Originally Posted by Raul_SJ
Knee x-ray report.
Narrowing of knee joint joint and patellofemoral joint space is seen more so in the medial tibiofemur space.
MRI Right knee
Osteophytes seen from the condyles of tibia, femur and patellar margins.
Early osteoarthritis of both knee joints.
Osteoarthritic changes noted as evidenced by Marginal Osteophytes from the condyles of Tibia, Femur with mild narrowing of Knee Joint spaces and altered signal intensity.
Minimal fluid noted in the knee joint and suprapatellar bursal spaces appearing hyperintense on T2, PDFS and hypointense on T1W sequences.
No synovial hypertrophy.
ACL and PCL are normal in size and alignment, however minimum irregularity and signal changes noted at the margins.
Lateral menisci is normal in size, shape and signal intensity.

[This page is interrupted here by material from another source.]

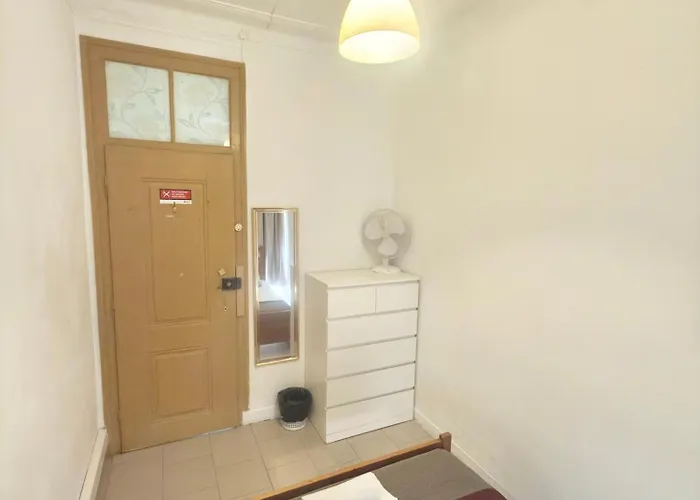 Hotel Frank'S House & Happy Belem Lisboa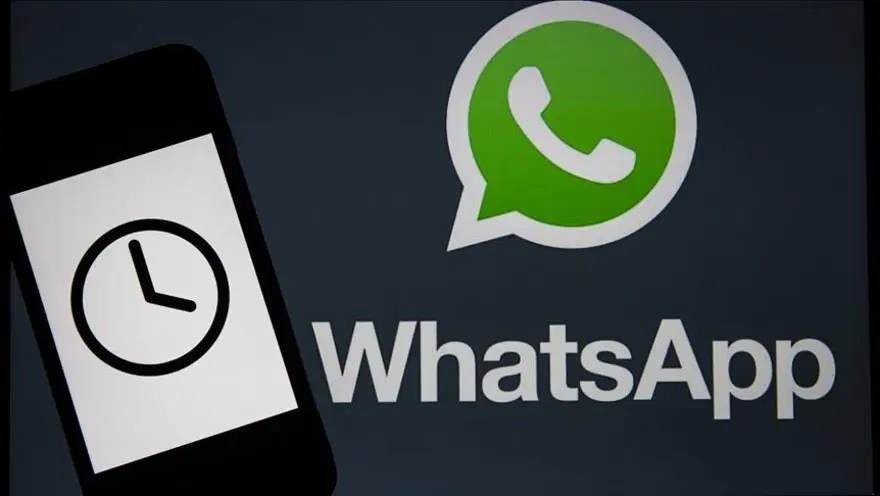 WhatsApp'ta artık kalıcı olarak görünmez olmak mümkün! 1 WhatsApp'ta artık kalıcı olarak görünmez olmak mümkün! 1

Medial and lateral collateral ligaments are normal.
Muscles, Tendons and Neuro Vascular Structures around the knee joint are normal.
Patella and Patello Femoral Articulations are normal.

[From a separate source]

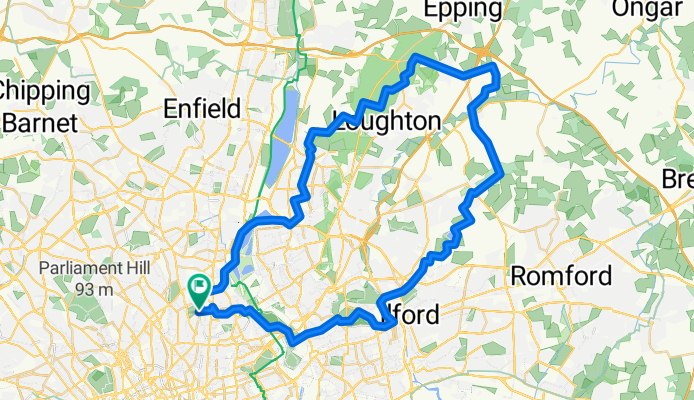 GRVL-NLD-8-Short 60km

Hoffa's Fat Pad is normal.
Posterior horn of the Medial meniscus show small focus of altered signal intensity extending up to Capsular surface and it appears Iso to hyperintense on all sequences.
Osteoarthritic changes of knee joint.
Grade II degeneration involving the posterior horn of medial meniscus.
Minimal knee joint effusion.
I am not qualified or capable of evaluating a report like this. What I do is search each term and also entire phrases to find information.
Briefly searched and found information on
- found pictures, lots of material
"Grade II degeneration involving the posterior horn of medial meniscus.
" Any tear found? or degeneration?
(Last year my injury was
"LATERAL COMPARTMENT: There is some degenerate signal within the lateral meniscus as well as a focal intermediate-grade, partial thickness tear at the posterior root attachment."
The Dr thought that the injury probably was not that bad. I took off tennis for 3 months and resumed playing very gradually. That knee injury is OK now. )
When an MRI says "normal" for a structure that is as good as it gets - but MRI's miss things so always keep them in mind as possibilities. The many "normal"s in your report are one very good result.
Study the anatomy of the knee structures. Study your knee results until you understand them.
Injury Location and Posture Issues
. Does the location of any of the injury sites on the front (anterior), back (posterior), inside (medial) or outside (lateral) have any relation to your posture? For example, if all your Marginal Osteophytes are on the inside (medial) part of the knee, are you slightly bow legged? Or "Narrowing of knee joint joint and patellofemoral joint space is seen more so in the medial tibiofemur space." - hip muscle posture affects joint cartilage pressure and quad muscle imbalances can cause patella tracking problems.? Complex, subtle issues for a specialist. You need injury location information that may not be in your MRI report. Similar questions.
Technical reference researching the location of Marginal Osteophytes. For illustration only.
. In addition to the more mobile meniscus and lateral cartilages the knees have articular
cartilages that are part of the ends of the bones. Advanced arthritis often/always? involves damage to the articular cartilages and finally the bones. What was the Dr's prognosis?
Interesting paper just found, I believe it deals mostly with articular cartilage
Lyme disease arthritis is not rare. What are its characteristics? Familiarize yourself with it and discuss with your Dr to rule it out.
Ask yourself what your goals are?
Frequently run 5 miles/distance.
Maintain leg muscle.
Is running distance keeping your knees inflammed? Tennis? Dropping things that we really want to do is very tough. Take off for a few months and see how your knees feel? Find alternate exercises.